Koleksiyonumda, tepesindeki “dikenlerden” ötürü dikenli taca benzeyen, Latince Melongena corona olarak adlandırılan türün olgunlaşmış veya henüz olgunlaşmamış güzel örnekleri de var. Ayrıca 15 santimetreye kadar büyüyebilen yavru triton ile özellikle turuncu rengin pek rastlanmayan bir tonunda olduğundan değerli bir cins olan Pleuroploca princeps adlı kabuğum da var. Bu gibi büyük, derin-su kabukları deniz kıyısında nadiren bulunur. Balıkçı arkadaşlarım incelik gösterip, balık ağlarında ya da ıstakoz tuzaklarında yakaladıkları bu güzel örneklerin içini yiyecek olarak ayırıp, güzel kabuklarını bana verdiler.

Göz Alıcı Ufaklık

Gelgit olayında, kabaran deniz çekildiğinde geride kabuklardan oluşan bir şerit bırakır ve böyle günlerde karındanbacaklıların ilginç, ufacık kabukları deniz kıyısında bol miktarda bulunabilir. Bunların içine, porselen salyangozu, denizkülahı, zeytine benzeyen Olividae kabukları, denizminaresi, Architectonicidae familyasından güneşsaati kabuğu, Naticidae familyasından ay kabuğu ve turritellalar gibi pek çok göz alıcı güzellikteki tür girer. Dünyanın her tarafında çok sayıda kabuk türü olduğundan bazı koleksiyoncular topladıkları kabukları sadece bir familyayla sınırlıyorlar. Örneğin sadece denizkülahının 500’den fazla türü vardır!

Karındanbacaklıların en göz alıcı özelliklerinden biri sarmal yapılarıdır. Güneşsaati kabuğu ve denizminaresi böyle bir tasarımın güzel örneklerindendir. Karındanbacaklı kabuklar, büyüdükçe biçimlerini matematiksel bir muntazamlıkla korurlar. Böylece büyüdüklerinde asıl şekilleri değişmez. Yumuşakçalar kabuğun ekseninin etrafında, kabuğun kenarına devamlı şekilde ek yaparak bu sarmal şekli oluştururlar. Meydana gelen işlevsel ve güzel kabuk, içindeki yumuşakça için emniyetli ve derli toplu bir yuva haline gelir!

Midyeler ve Diğer Çiftçenetliler

Yumuşakçaların daha önce bahsettiğimiz diğer sınıfı, Bivalvia (çiftçenetliler) hakkında ne söyleyebiliriz?
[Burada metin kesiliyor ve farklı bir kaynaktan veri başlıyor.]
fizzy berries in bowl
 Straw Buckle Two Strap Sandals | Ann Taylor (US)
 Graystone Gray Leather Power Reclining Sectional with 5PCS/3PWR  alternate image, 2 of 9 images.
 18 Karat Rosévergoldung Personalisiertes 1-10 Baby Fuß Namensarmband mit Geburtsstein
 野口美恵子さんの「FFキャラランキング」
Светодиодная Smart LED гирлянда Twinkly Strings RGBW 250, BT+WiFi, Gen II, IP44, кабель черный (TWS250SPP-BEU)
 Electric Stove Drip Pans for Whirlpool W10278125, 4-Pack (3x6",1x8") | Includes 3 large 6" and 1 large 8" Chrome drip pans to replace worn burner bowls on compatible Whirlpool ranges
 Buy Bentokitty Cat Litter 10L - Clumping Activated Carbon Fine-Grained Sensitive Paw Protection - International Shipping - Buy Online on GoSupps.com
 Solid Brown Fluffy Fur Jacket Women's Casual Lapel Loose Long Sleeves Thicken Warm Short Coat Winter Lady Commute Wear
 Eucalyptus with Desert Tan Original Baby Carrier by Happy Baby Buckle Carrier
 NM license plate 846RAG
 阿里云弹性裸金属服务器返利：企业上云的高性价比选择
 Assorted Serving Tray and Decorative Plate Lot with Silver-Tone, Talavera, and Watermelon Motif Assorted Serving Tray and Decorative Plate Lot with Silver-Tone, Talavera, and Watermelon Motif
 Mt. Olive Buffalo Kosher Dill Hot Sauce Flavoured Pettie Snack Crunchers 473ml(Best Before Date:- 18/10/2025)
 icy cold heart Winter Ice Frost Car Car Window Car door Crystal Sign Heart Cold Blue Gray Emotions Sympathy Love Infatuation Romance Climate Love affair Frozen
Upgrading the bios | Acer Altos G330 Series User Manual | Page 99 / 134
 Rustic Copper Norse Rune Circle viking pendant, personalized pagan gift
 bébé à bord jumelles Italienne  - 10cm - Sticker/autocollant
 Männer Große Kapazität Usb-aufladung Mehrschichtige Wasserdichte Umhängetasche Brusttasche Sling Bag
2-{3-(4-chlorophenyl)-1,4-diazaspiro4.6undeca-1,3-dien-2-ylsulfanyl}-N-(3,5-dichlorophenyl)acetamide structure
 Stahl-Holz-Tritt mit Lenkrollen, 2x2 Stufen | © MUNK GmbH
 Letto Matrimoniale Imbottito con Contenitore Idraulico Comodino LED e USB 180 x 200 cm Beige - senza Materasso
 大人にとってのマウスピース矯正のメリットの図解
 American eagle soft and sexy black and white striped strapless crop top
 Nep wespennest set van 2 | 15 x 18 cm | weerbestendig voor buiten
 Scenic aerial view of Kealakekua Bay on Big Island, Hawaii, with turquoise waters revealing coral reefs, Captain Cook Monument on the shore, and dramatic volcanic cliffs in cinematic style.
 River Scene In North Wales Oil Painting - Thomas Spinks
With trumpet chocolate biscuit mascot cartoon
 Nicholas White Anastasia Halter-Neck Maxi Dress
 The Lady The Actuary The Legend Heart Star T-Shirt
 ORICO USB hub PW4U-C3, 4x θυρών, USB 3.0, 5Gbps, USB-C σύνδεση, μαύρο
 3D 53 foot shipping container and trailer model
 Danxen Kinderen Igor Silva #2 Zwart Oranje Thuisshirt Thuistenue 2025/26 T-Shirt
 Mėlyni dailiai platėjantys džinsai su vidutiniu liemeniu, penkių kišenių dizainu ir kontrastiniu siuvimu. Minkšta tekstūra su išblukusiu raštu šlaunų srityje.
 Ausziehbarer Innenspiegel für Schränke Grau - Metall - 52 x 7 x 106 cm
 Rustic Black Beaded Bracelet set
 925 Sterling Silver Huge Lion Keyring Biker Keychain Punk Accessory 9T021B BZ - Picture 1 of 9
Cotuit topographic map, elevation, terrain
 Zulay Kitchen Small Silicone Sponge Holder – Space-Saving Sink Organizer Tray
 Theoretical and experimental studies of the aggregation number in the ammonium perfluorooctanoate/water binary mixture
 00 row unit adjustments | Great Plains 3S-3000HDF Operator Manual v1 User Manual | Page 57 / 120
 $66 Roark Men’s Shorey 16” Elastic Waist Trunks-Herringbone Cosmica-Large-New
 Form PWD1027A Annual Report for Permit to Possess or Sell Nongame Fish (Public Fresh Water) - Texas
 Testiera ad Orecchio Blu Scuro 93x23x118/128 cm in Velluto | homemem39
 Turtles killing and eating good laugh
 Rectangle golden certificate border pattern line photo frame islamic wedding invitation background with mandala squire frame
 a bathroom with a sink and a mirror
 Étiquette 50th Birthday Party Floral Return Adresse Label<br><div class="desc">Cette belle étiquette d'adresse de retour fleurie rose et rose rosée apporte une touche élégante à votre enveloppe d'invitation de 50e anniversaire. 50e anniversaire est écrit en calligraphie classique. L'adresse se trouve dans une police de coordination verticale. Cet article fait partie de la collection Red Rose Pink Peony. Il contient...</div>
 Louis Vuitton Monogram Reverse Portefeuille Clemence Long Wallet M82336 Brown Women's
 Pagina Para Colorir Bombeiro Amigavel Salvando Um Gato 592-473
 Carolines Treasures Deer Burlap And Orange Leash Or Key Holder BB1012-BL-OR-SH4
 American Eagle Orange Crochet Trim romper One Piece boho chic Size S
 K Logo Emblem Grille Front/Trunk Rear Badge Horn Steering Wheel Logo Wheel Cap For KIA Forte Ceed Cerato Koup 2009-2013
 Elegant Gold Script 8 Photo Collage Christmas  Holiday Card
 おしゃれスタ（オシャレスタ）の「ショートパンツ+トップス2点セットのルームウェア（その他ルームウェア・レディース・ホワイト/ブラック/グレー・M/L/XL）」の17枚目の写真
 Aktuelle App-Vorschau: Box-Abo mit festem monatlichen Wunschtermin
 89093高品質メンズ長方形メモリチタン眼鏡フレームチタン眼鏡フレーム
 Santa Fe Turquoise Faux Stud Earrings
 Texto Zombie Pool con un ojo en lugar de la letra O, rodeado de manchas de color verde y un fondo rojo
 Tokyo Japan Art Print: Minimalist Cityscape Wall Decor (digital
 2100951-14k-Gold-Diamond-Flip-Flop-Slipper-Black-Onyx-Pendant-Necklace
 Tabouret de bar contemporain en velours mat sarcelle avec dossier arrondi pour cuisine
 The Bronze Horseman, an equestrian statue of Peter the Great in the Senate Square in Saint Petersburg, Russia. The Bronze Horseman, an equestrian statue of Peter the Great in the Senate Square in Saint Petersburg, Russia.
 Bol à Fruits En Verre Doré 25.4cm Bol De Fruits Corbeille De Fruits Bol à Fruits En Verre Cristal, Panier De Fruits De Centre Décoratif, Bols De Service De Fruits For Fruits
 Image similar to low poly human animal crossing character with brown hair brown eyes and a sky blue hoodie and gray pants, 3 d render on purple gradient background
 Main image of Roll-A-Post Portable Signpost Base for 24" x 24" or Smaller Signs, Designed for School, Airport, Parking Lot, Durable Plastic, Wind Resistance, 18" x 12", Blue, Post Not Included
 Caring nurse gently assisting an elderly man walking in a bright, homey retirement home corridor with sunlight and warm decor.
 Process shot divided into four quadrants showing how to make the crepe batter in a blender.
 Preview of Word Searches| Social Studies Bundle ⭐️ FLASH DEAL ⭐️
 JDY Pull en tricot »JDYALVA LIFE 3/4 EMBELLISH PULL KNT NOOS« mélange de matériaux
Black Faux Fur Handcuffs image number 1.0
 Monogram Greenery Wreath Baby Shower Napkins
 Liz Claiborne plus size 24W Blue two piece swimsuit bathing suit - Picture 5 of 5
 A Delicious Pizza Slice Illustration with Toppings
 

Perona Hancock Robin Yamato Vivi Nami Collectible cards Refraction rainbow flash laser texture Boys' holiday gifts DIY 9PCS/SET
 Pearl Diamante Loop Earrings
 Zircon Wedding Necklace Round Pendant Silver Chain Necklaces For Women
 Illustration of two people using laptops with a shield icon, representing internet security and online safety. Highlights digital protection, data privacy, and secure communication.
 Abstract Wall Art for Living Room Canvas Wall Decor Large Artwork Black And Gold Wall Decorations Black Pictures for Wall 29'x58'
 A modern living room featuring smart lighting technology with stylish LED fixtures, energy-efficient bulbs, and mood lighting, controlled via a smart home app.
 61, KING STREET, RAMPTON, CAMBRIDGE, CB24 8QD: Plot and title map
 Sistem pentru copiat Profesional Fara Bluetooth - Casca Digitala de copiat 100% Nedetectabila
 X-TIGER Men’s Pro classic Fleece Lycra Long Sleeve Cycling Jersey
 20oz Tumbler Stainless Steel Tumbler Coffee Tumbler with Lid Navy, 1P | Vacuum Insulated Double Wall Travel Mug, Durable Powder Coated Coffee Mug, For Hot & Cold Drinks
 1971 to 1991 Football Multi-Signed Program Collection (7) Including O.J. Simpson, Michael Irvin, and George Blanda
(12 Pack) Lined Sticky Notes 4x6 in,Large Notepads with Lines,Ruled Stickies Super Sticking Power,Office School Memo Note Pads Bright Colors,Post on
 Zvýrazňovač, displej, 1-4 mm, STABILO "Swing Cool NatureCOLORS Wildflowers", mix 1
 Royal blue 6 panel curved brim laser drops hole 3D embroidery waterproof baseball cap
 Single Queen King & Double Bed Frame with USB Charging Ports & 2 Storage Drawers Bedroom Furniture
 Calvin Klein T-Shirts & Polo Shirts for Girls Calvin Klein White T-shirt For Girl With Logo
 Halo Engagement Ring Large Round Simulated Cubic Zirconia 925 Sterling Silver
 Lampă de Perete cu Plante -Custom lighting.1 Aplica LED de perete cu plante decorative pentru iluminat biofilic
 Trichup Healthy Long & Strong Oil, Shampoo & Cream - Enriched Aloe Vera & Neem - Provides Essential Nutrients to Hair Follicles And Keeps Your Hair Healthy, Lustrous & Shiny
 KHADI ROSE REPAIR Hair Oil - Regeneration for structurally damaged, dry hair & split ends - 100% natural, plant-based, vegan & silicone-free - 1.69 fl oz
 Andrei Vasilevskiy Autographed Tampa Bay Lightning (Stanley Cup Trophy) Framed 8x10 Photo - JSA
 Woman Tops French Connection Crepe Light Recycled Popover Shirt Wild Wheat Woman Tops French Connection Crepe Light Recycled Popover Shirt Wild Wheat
Nikaragua sahillerinde onların kabukları da bol bol bulunabilir. Bir çiftçenetli kabuğu, birbirine bağlı iki kapaktan oluşur. Birbirine mükemmel şekilde uyan bu kapaklar kapanarak içindeki hayvanı korur. Midye, iyi bilinen bir çiftçenetli türüdür. Çiftçenetli yumuşakçaların kafaları yoktur, fakat suda tat ve koku almalarını sağlayan kemoreseptör olarak adlandırılan duyu organları vardır. Çiftçenetlilerin çoğu, deniz suyundan süzdükleri organik maddelerle beslenirler. Bazılarının hareket etmesi için dar ve etli bir ayağı vardır. Bir çiftçenetli türü olan tarak midyesi, kabuklarını güçlü bir şekilde açıp kapayarak oluşturduğu güçlü su akımı sayesinde kendini geriye doğru fırlatabilir. İleri doğru gitmek içinse arkasından su fışkırtır. Fakat bir tarak midyesi yakınlarda gizli bir tehlikenin olduğunu nasıl anlar? Vücudunun etrafında iki sıra halinde düzinelerce, küçük fakat duyarlı mavi gözleri vardır. Bunlar, hayvanın yakınından geçen yırtıcı bir deniz canlısının gölgesini saptayabilir.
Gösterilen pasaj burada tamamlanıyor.